Sunday, November 6, 2011

Some forecasts

The 2012 presidential election forecaster up at is great fun, and you could get lost in the numbers for a few hours there. Basically, Nate Silver has made assumptions about the Republican candidates' ideological positions and plugged those into a forecast model, along with growth in gross domestic product and Obama's approval ratings. Just for giggles, I put together the following graph based on the forecasting data used in that model. I have assumed Obama's approval rating remains at 43 percent.
The official forecast for economic growth is 2.7%, by the way, which would put Romney and Obama at a near dead-heat.

Now, here are some reasons not to take these numbers too seriously:
  • First, Obama's approval rating is not independent of economic growth. If the economy begins to grow at a quicker clip, his approval rating will probably rise into the 50s. It will likely drop into the 30s or worse if we experience an actual recession.
  • Second, even if economic growth stays right where it is today, Obama's approval rating is likely to change somewhat as a function of the campaign. Nearly all Democrats will come to approve of his performance, even if they may have reservations today. And nearly all Republicans will come to disapprove, although they're probably doing that already.
  • Third, perceptions of the Republican nominee's ideological stances may well change by next year. It's very hard to make realistic projections of Cain's governing ideology since he's never governed before. Perry would be facing a more liberal electorate than he's ever faced, and Romney would be facing a more conservative one. Plus, given Romney's history, there should be substantially large error bars on either side of his line.
Update: Graph label fixed.


Matt Glassman said...

Seth ---

Nice post. One comment:

I think Nate's model is unconcerned with Obama's approval rating going forward. The 43% is an estimate of the approval rating one year out; adjusting that bar is for if you have a different estimation of the 1-year-out approval.

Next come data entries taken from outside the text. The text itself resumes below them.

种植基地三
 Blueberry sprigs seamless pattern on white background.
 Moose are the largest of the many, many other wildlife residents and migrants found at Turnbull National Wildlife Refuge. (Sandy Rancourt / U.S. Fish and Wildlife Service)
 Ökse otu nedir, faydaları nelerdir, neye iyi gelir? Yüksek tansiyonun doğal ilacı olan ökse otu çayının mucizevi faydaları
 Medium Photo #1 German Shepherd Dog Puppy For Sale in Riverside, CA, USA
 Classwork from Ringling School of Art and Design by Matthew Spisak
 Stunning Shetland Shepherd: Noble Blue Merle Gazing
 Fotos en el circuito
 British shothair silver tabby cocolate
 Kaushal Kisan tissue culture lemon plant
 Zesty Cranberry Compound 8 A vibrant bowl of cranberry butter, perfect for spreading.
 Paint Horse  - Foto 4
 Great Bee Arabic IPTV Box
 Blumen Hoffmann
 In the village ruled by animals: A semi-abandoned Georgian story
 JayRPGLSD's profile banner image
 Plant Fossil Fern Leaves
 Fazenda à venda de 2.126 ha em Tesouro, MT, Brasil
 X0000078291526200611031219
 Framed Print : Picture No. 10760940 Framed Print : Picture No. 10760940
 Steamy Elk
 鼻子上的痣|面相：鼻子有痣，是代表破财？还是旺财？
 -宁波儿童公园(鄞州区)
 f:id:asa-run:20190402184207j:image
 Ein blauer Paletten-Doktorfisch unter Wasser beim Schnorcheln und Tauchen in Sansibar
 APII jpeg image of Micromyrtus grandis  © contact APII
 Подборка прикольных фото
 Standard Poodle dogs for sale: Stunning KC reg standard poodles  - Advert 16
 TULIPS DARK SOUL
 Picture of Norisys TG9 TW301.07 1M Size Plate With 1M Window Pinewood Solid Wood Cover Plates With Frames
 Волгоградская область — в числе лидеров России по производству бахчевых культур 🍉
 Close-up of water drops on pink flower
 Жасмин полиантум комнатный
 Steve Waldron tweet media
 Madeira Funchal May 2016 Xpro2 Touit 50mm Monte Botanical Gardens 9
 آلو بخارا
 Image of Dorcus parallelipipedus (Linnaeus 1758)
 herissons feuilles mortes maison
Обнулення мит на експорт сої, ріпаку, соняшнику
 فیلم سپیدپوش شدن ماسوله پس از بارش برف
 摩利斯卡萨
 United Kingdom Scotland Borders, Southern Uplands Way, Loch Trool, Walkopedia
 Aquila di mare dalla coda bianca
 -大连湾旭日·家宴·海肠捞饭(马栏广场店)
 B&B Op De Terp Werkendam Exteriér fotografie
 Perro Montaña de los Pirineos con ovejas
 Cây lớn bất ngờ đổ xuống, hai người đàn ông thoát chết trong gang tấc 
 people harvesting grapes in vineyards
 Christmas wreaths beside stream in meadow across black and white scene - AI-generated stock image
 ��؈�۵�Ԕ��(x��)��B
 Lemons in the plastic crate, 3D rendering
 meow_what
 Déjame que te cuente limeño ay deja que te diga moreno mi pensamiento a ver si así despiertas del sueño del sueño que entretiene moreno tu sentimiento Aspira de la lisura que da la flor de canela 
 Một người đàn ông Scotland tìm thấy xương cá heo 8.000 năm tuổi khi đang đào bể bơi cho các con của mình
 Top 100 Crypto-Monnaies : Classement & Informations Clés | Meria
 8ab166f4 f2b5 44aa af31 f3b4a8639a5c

I don't think there's a claim about the approval remaining static, so I *think* the model is supposedly robust to future changes in approval rating drawn from economic changes.

I think.


prison rodeo said...

Sorry to be pedantic, but that's not a scatterplot. #dontbaitmewithtwitter

Seth Masket said...

It's a scatterplot with lines connecting data points that have been rendered invisible. #youwouldntlikemewhenimangry

alex said...

How certain is the link between a candidate's ideology and performance?

Could it be due to selection effects - say, a relatively moderate candidate has to be stellar in other respects to convince his party (most of which is more extreme than he is) to give him the nomination, and this leads him to perform better in the general election?

metrichead said...

Seth, why does Huntsman have the most favorable probability of all GOP candidates in the graph if he's barely even a third-tier candidate in the race now?

Seth Masket said...

Metrichead, Silver's data are based on three criteria: economic performance, Obama's job approval, and some measure of Republican candidate ideology. It doesn't include any measure of viability or likelihood of getting nominated or campaign skills or anything else like that. What appears to make Huntsman so electable in this analysis is simply that, by all observations, Huntsman appears to be the most moderate of the Republican candidates. That probably gives him an advantage in the general election over the other Republican contenders.

By the same token, of course, being so moderate makes him almost un-nominatable.